String – the values of the Obj’s extractTextAttributes as a single string, stripped of HTML tags and newlines.

Remarks

This method is loadable, meaning that it is able to return partial results and indicate to Scrivito.load or Scrivito.connect that it needs to be executed again at a later point in time.

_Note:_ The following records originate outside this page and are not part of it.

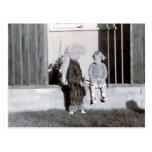 coonskin kid and girl postcard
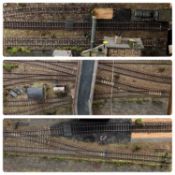 O GAUGE RAILWAY - wooden layout in three sections with track and scenery, buildings, various rolling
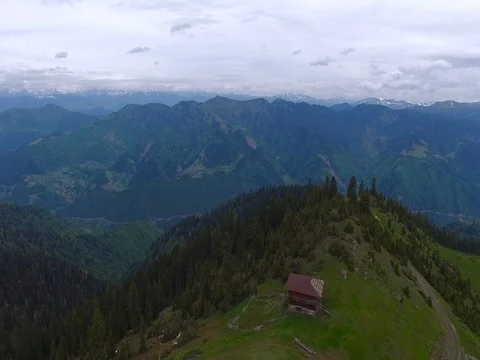 Flight over a green mountain range next to an abandoned village Video stock 80530395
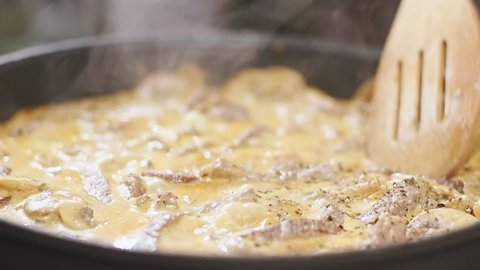 Cooking of beef stroganoff in a frying pan.
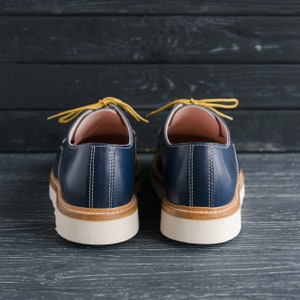 May include: A pair of blue leather shoes with yellow laces. The shoes have a white sole and a brown leather trim around the top.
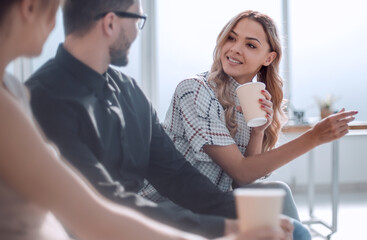 Poster - employees of the company with coffee glasses sitting in the office lobby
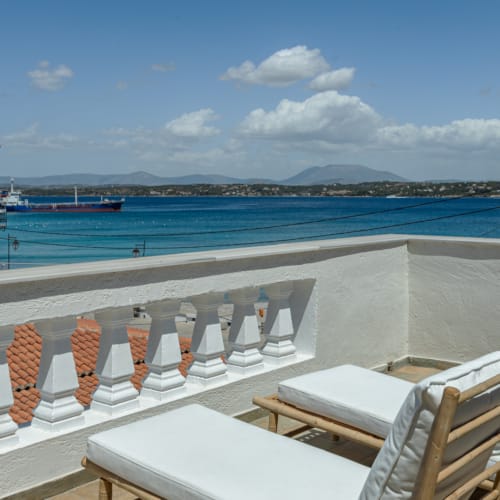 a deck with chairs and tables overlooking a body of water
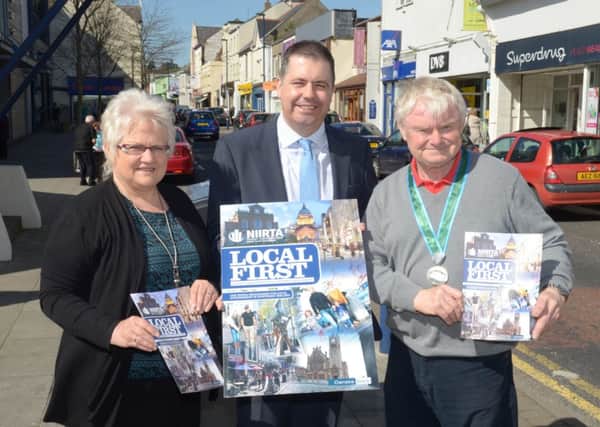 Glyn Roberts, Chief Executive of the Northern Ireland Independent Retail Trade Association, pictured with Mariann Casagrande and John Shannon (Chairman) of the Larne Traders' Forum launching the Local First campaign in Larne. INLT 17-369-PR
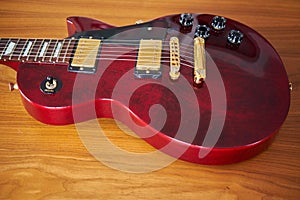 Shiny Wine Red Guitar With Golden Hardware on A Wooden Table Wit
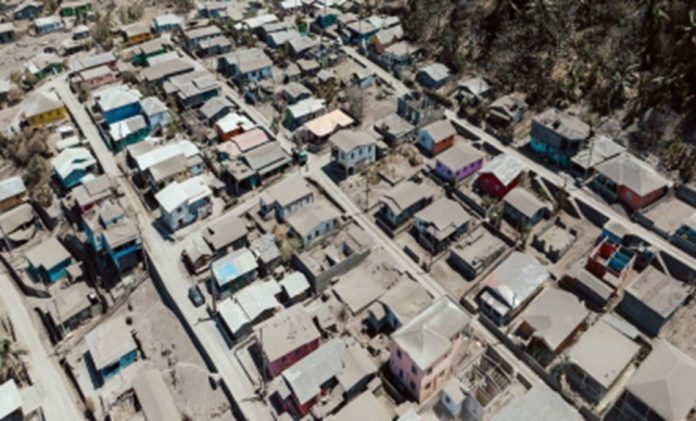 Ash-from-the-eruptions-of-the-La-Soufriere-volcano-covers-a-town-in-St-Vincent-and-the-Grenadines.-File-Photo-696x421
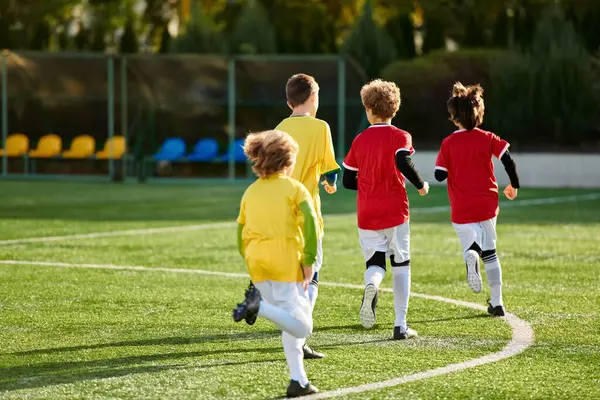 Una vivace scena di bambini che giocano a un vivace gioco di calcio, corsa, calci e tifo sul campo erboso con entusiasmo ed eccitazione. — Foto stock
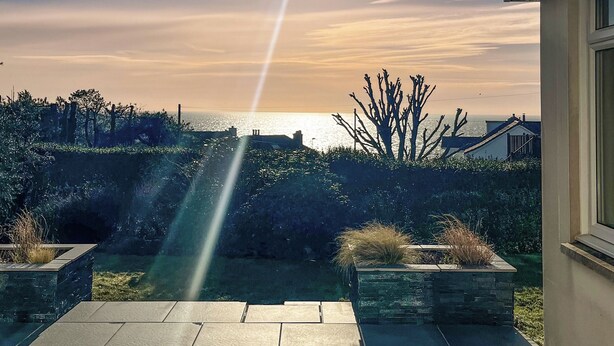 Un patio con vista al mar, macetas de piedra y cielo despejado.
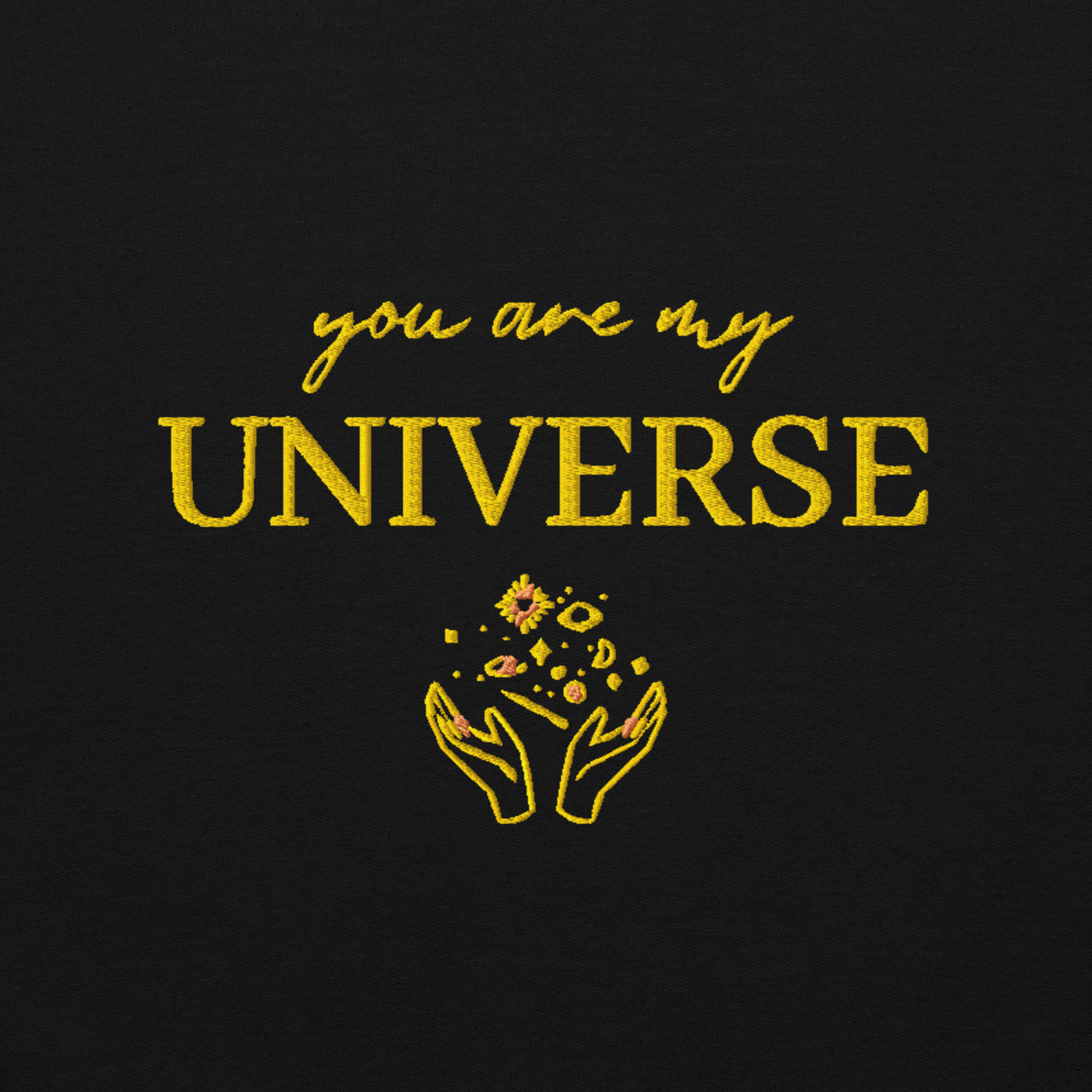 Black crewneck sweatshirt featuring yellow typography that reads “you are my Universe” with minimalist hands holding stars illustration -inspired by Coldplay’s hit song “My Universe”, aesthetic fan apparel for music lovers.
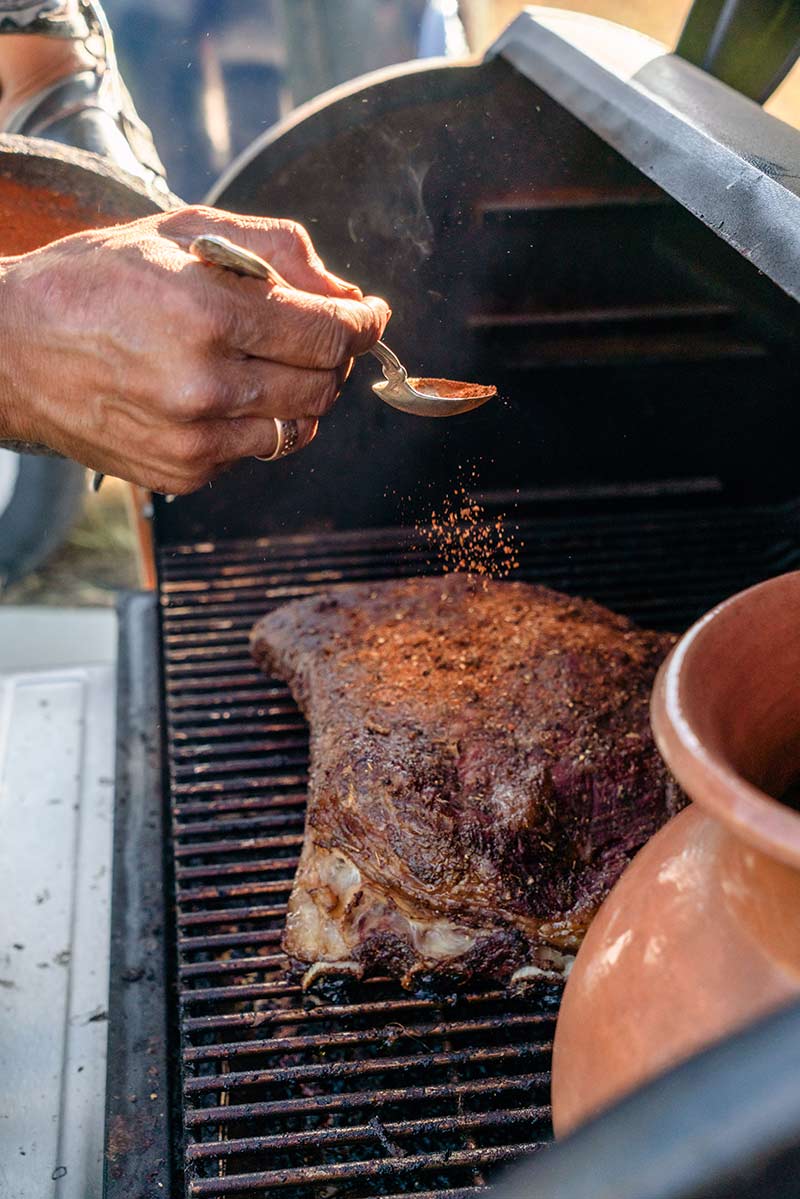 A man holding a spoon sprinkles seasoning over ribs on a grill.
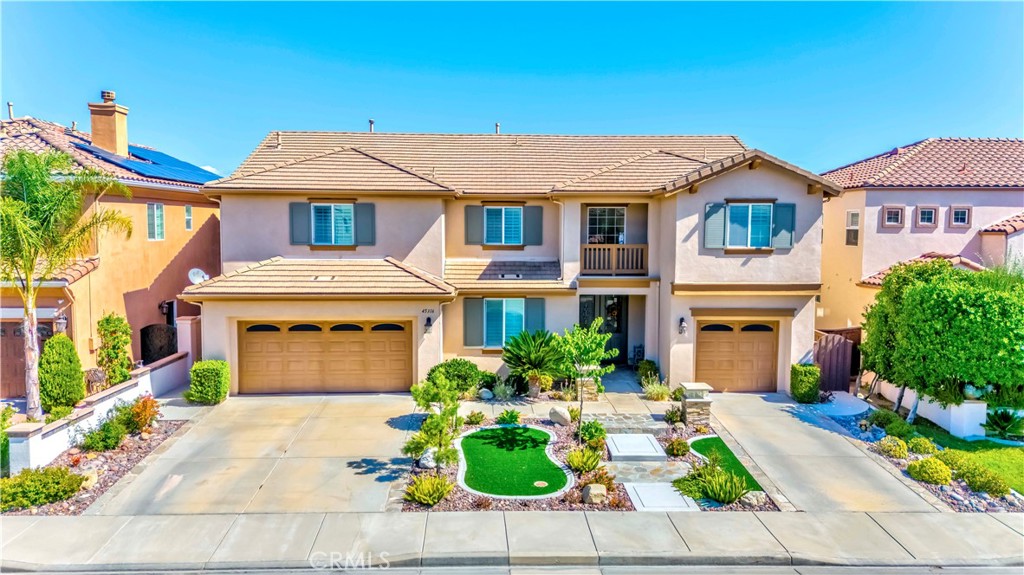 45316 St Tisbury Street Temecula, CA 92592 - Photo 62 of 62 a front view of a house with a garden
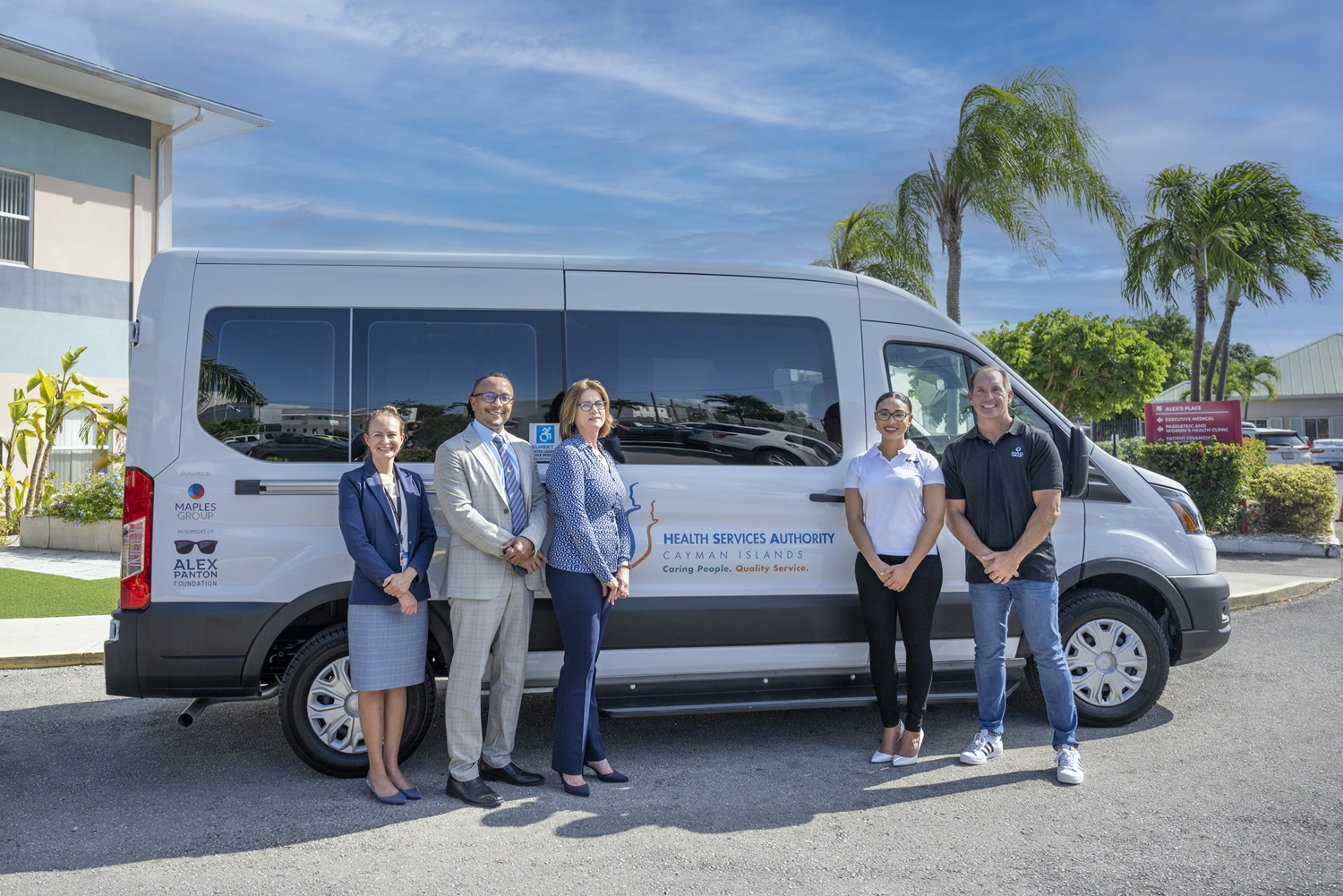 White van branded with Alex Panton Foundation, Health Services Authority and Maples Group logos parked in front of Alex's Place location. Representatives from HSA, Alex Panton Foundation and Maples Group stand in front of the van.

Attributes such as title should not be included in the extractTextAttributes list because search result lists or blog post overviews most likely display the individual titles anyway.

See also

  • extractTextAttributes option of Scrivito.provideObjClass
  • extractTextAttributes option of Scrivito.provideWidgetClass

Examples

Prepare text extraction from instances of a simple Page class:

Copy
Scrivito.provideObjClass("Page", {
  attributes: { body: "widgetlist" },
  extractTextAttributes: ["body"]
});

Extract text from a simple HeadlineWidget contained in a widgetlist attribute:

Copy
// Create the HeadlineWidget
Scrivito.provideWidgetClass("HeadlineWidget", {
  attributes: { headline: "string" },
  extractTextAttributes: ["headline"]
});

// Create a Page instance with a HeadlineWidget
const pageWithHeadlineWidget = Scrivito.Obj.create({
  _objClass: "Page",
  body: [
    new Scrivito.Widget({ _objClass: "HeadlineWidget", headline: "Some facts" })
  ]
});

Scrivito.extractText(pageWithHeadlineWidget);
// => "Some facts"

Extract text from several attributes of a widget:

Copy
// Create a FactWidget class
Scrivito.provideWidgetClass("FactWidget", {
  attributes: {
    key: "string",
    value: "string"
  },
  extractTextAttributes: ["key", "value"]
});

// Create a Page instance with a FactWidget
const pageWithFactWidget = Scrivito.Obj.create({
  _objClass: "Page",
  body: [
    new Scrivito.Widget({
      _objClass: "FactWidget",
      key: "29",
      value: "Number of Widgets included in the Example App"
    })
  ]
});

Scrivito.extractText(pageWithFactWidget);
// => "29 Number of Widgets included in the Example App"

Make use of the length option:

Copy
Scrivito.extractText(pageWithFactWidget, { length: 40 })
// => "29 Number of Widgets included in the Exa"

Extract text from several widgets:

Copy
// Create a Page instance containing two widgets
const pageWithHeadlineAndFactWidget = Scrivito.Obj.create({
  _objClass: "Page",
  body: [
    new Scrivito.Widget({ _objClass: "HeadlineWidget", headline: "Some facts" }),
    new Scrivito.Widget({
      _objClass: "FactWidget",
      key: "29",
      value: "Number of Widgets included in the Example App"
    })
  ]
});

Scrivito.extractText(pageWithHeadlineAndFactWidget);
// => "Some facts 29 Number of Widgets included in the Example App"

Extract text from an html attribute:

Copy
// Provide a TextWidget class containing an html attribute
Scrivito.provideWidgetClass("TextWidget", {
  attributes: { text: "html" },
  extractTextAttributes: ["text"]
});


// Create a Page instance with a TextWidget
const pageTextWidget = Scrivito.Obj.create({
  _objClass: "Page",
  body: [
    new Scrivito.Widget({
      _objClass: "TextWidget",
      text: "<h2>Hello &amp; welcome to the <i>Scrivito</i> show.</h2>"
    })
  ]
});


Scrivito.extractText(pageTextWidget);
// => "Hello & welcome to the Scrivito show."

Extract text from a PDF file and limit its length to the first 100 characters:

Copy
// Provide a Download widget class
Scrivito.provideWidgetClass("Download", {
  attributes: { blob: "binary" },
  extractTextAttributes: ["blob:text"]
});

// Extract the text of a PDF file that has been uploaded (pdfFile) 

Scrivito.extractText(pdfFile, { length: 100 });
// => "White Paper Are You Asking Your CMS Vendor the Right Questions? Scrivito.com Scrivito is pro"